→ Task prompt: Restate, word for word and with no pictures, the stretch of lines in the data below that begins at the line with "Radica TV Trivia" and ends at the line with "Spoonful iFOS certified", inclusive.
(Beginning of Material provided)
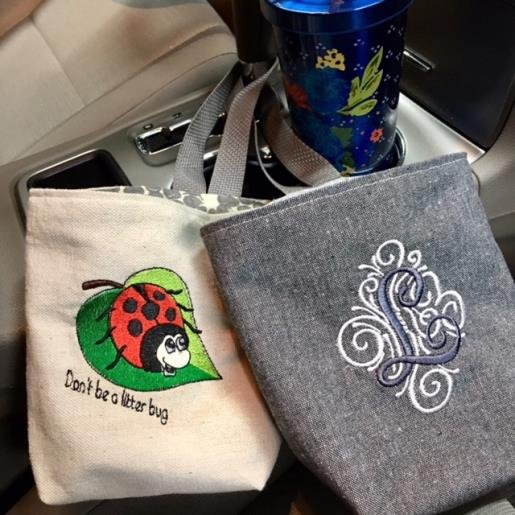 Ladybug tote and script LS bag monogram embroidery digitizing sample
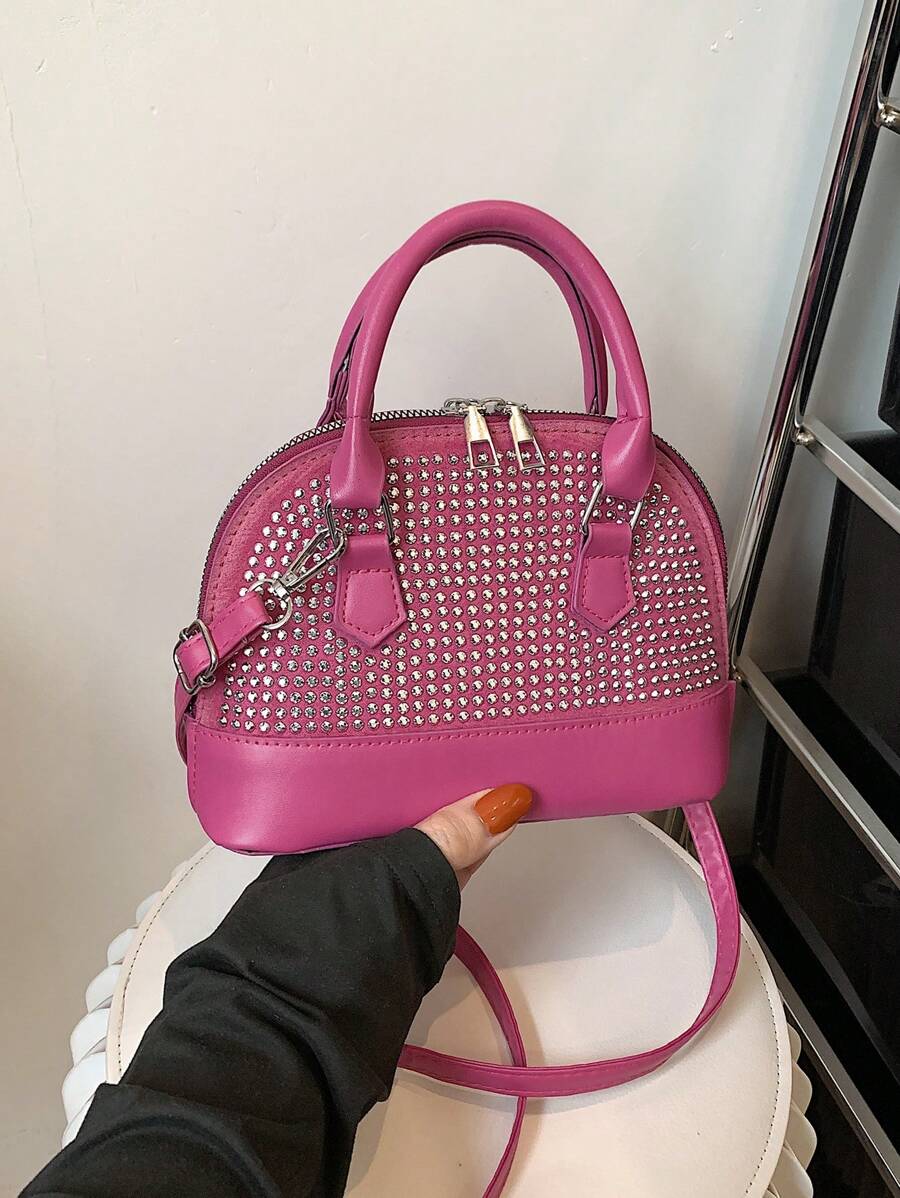 Túi trang trí mái vòm có tay cầm đôi với dây kéo PU thời trang - Màu Hồng Tươi - Xem 1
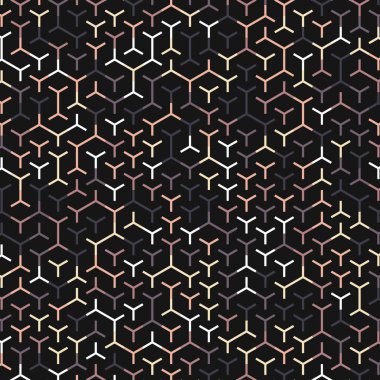  Altıgen Labirent deseni soyut illüstrasyon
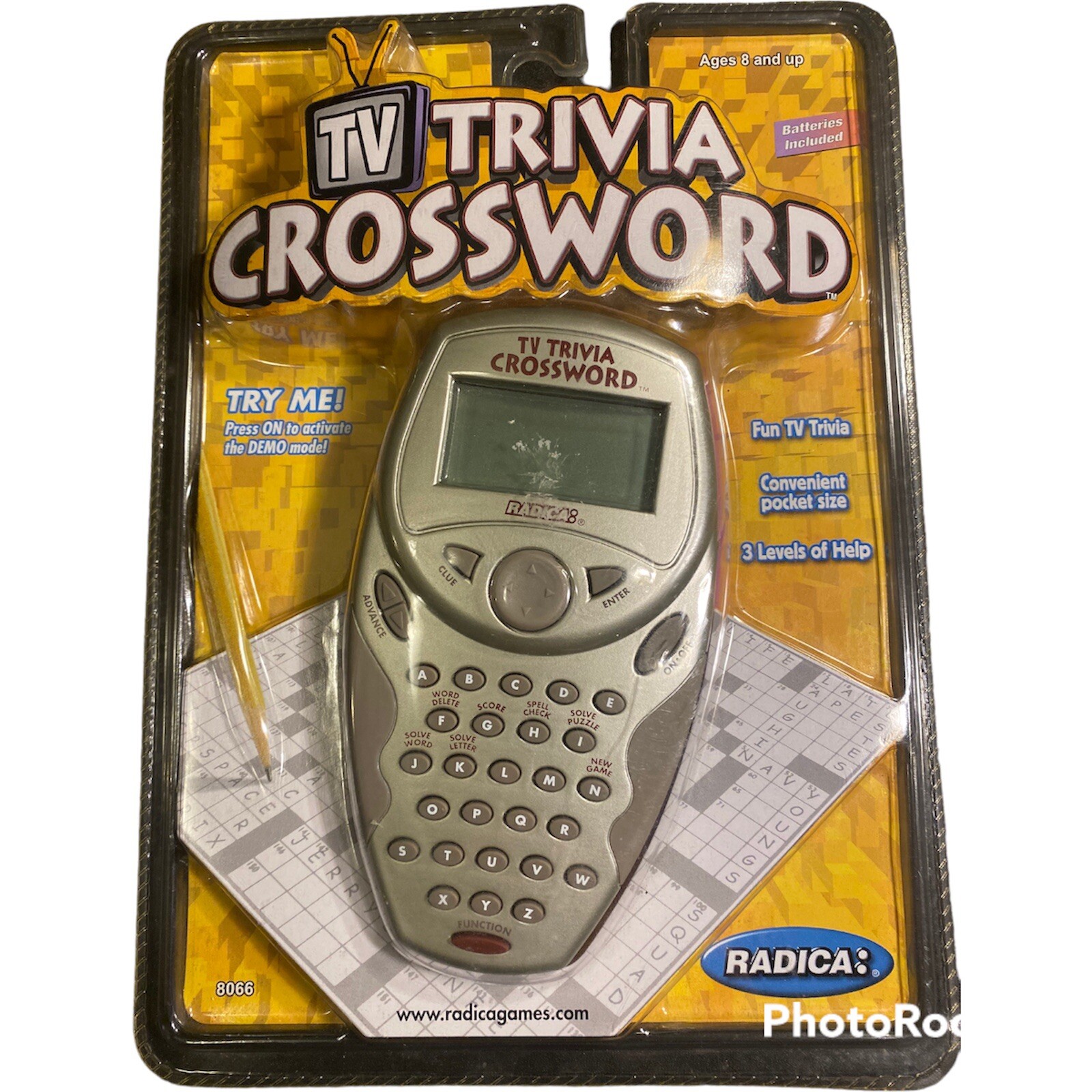 Radica TV Trivia Crossword Handheld Electronic New Factory Sealed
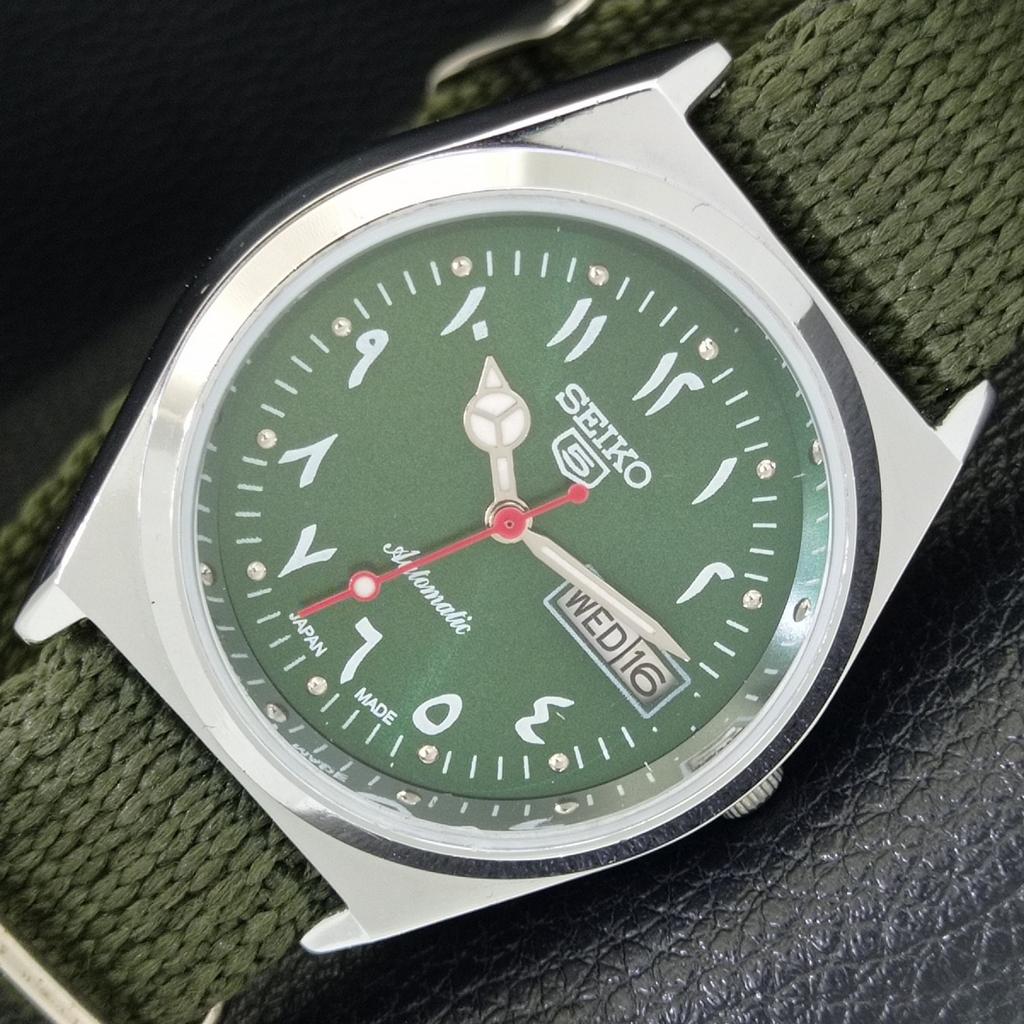 

VINTAGE REFURBISHED SEIKO 5 AUTOMATIC 6309A JAPAN MENS GREEN WATCH a441400-5 Sk-a441400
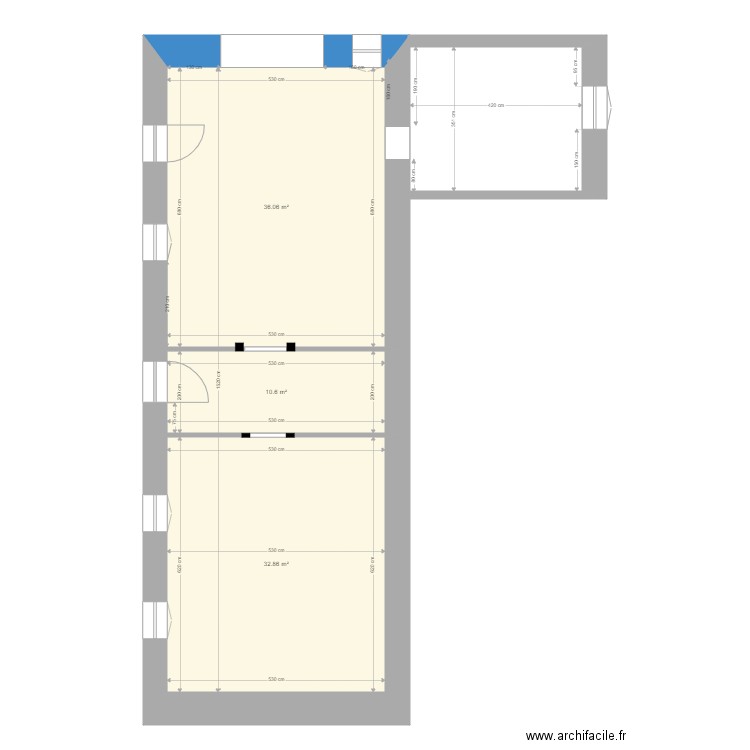 rdc sans isolation. Plan de 3 pièces et 80 m2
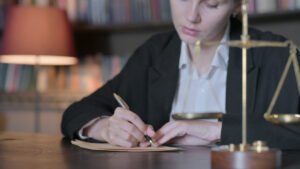 A No Win No Fee solicitor at a desk with scales working on an eye injury claim. 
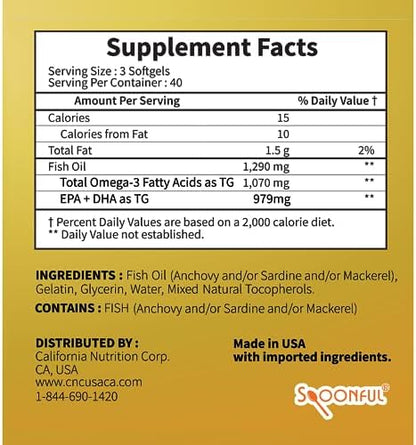 Spoonful iFOS certified fish oil 1290 milligrams per serving premium purity seal close up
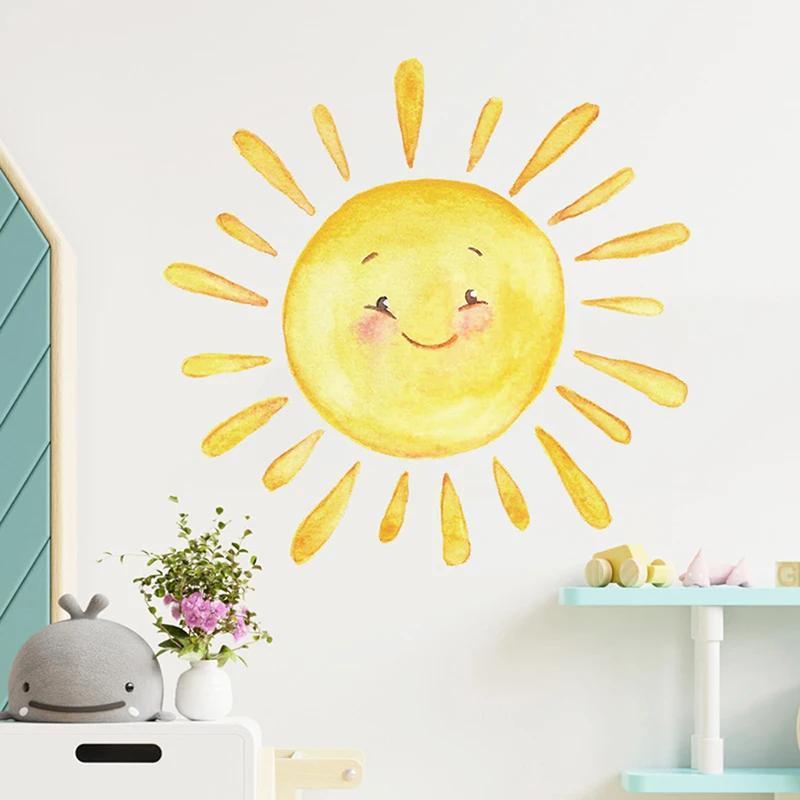 Cartoon Painted Rainbow Sun Wall Stickers for Children Nursery Bedroom Porch Home Wall Background Decorative Kid Room Decor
(End of Material provided)
→ Written response:
 Radica TV Trivia Crossword Handheld Electronic New Factory Sealed

VINTAGE REFURBISHED SEIKO 5 AUTOMATIC 6309A JAPAN MENS GREEN WATCH a441400-5 Sk-a441400
 rdc sans isolation. Plan de 3 pièces et 80 m2
 A No Win No Fee solicitor at a desk with scales working on an eye injury claim. 
 Spoonful iFOS certified fish oil 1290 milligrams per serving premium purity seal close up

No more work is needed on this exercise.